While not yet finalized, the European institutions reached a political deal in mid-February on a new regulation providing rules for how online platforms deal with businesses and traders active on their platforms.
Widely trailed as part of the European Commission's Digital Single Market initiative, the Commission expects the regulation to apply to the entire online platform economy of approximately 7000 online platforms and market places operating in the EU, ranging from the biggest names in tech to small start- ups. More specifically, the new rules will impose a range of obligations on online platforms from ensuring the greater availability of T&Cs for platform users to mandating that platforms operate transparent ranking systems when listing products and services.
Perhaps most interestingly from a competition perspective, the regulation covers scenario where online platform is also active on its own platform (e.g. as a seller) with the rules requiring that platforms 'must exhaustively disclose any advantage they may give to their own products' as well as 'what data they collect, and how they use it'. Such obligations have parallels with some of the findings in the Commission's recently published report on Competition Policy in Digital Markets which highlighted concerns that online platforms may be illegally "leveraging" their way into products and services related to their platforms.
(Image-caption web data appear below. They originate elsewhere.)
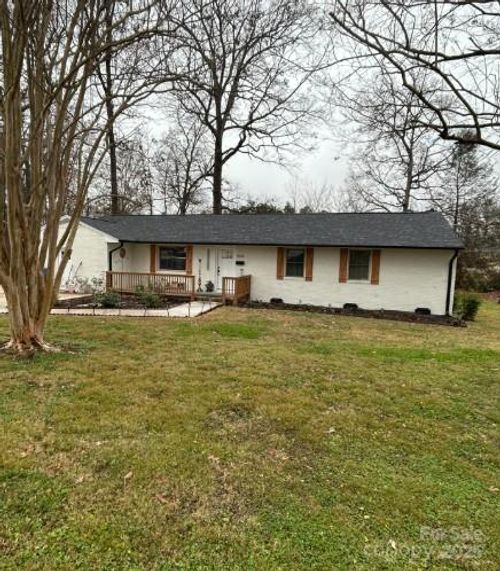 908 Woodside Dr, Kings Mountain, NC, 28086-2557 | Card Image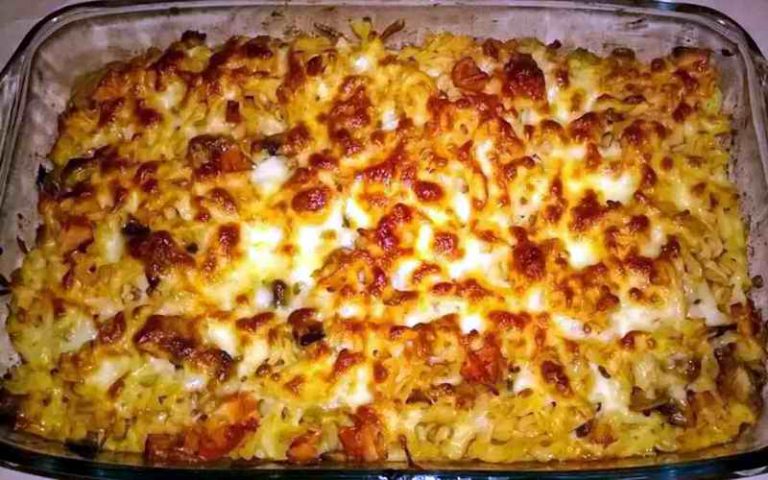 MAKARONE SA BEŠAMEL SOSOM I MLEVENIM MESOM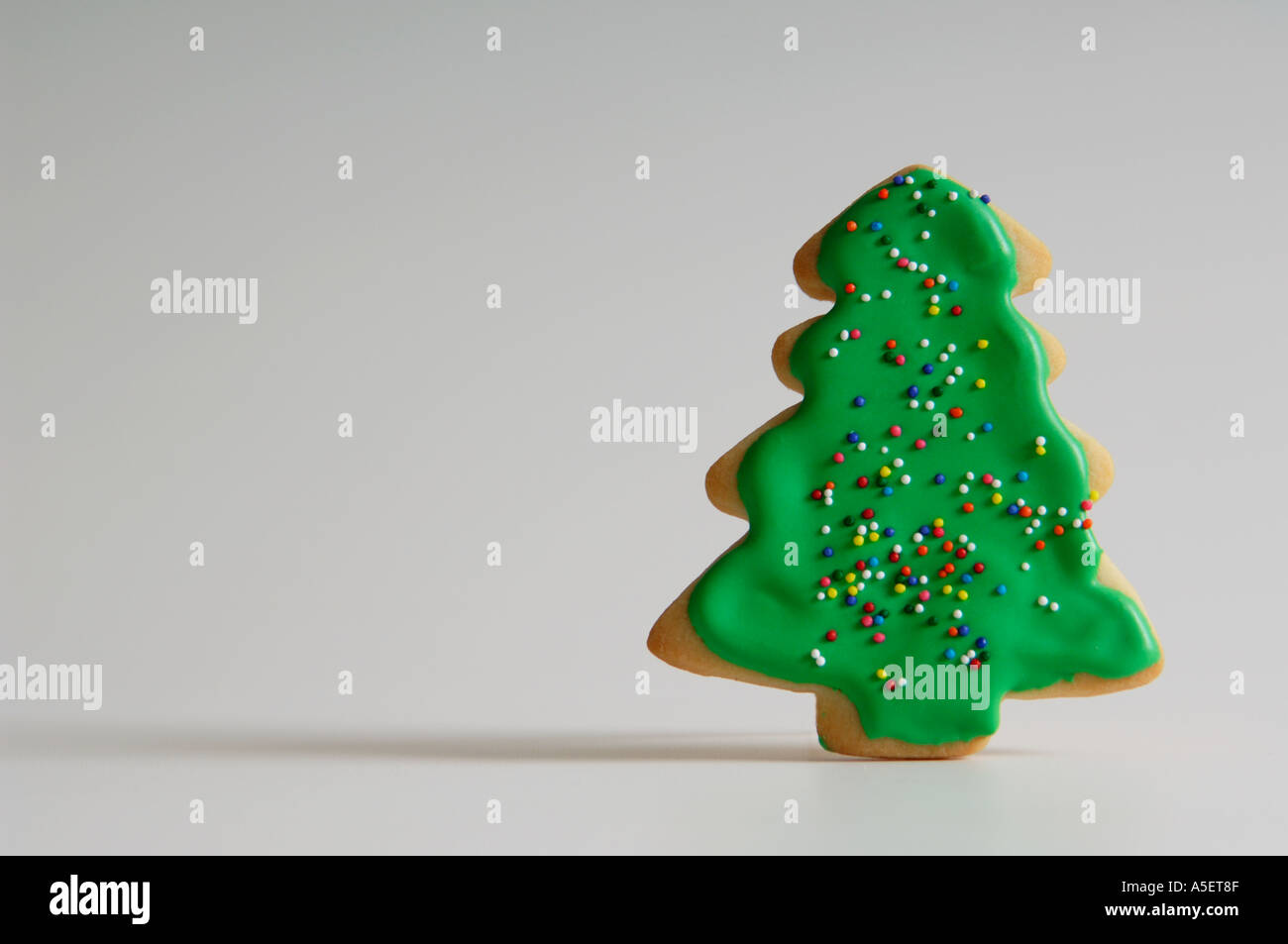 Dekorierten Weihnachtsbaum geformt cookie Stockfoto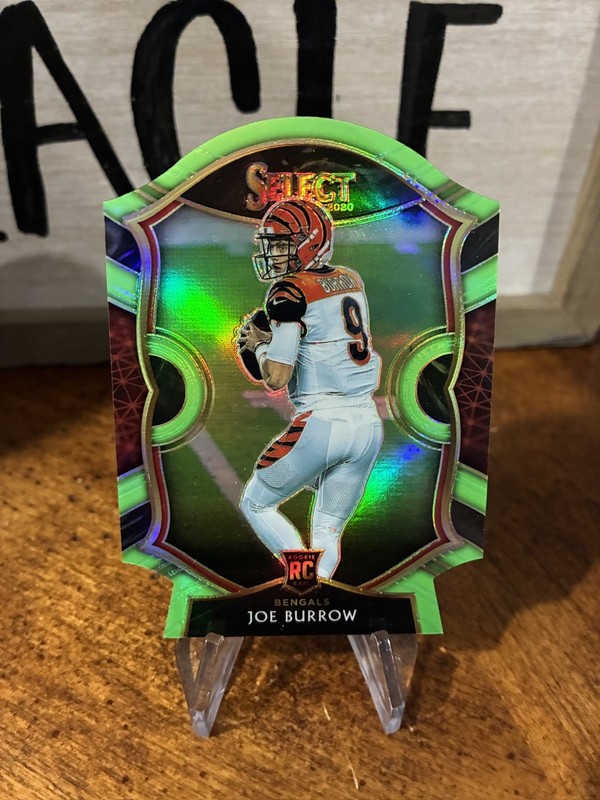 Panini 2020 Select Joe Burrow RC #46 Neon Green Prizm Die-Cut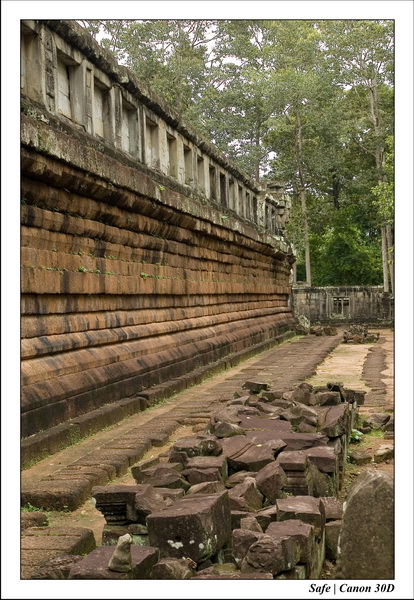2006 - 07 - Temple angkor - Ta Keo 04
Accordingly, businesses may need to keep a close eye on both the European Commission's antitrust enforcers as well as the EU's legislators to have full picture on a rapidly evolving regulatory framework.
"the European Parliament, the Council of the European Union and the European Commission reached a political deal on the first-ever rules aimed at creating a fair, transparent and predictable business environment for businesses and traders when using online platforms."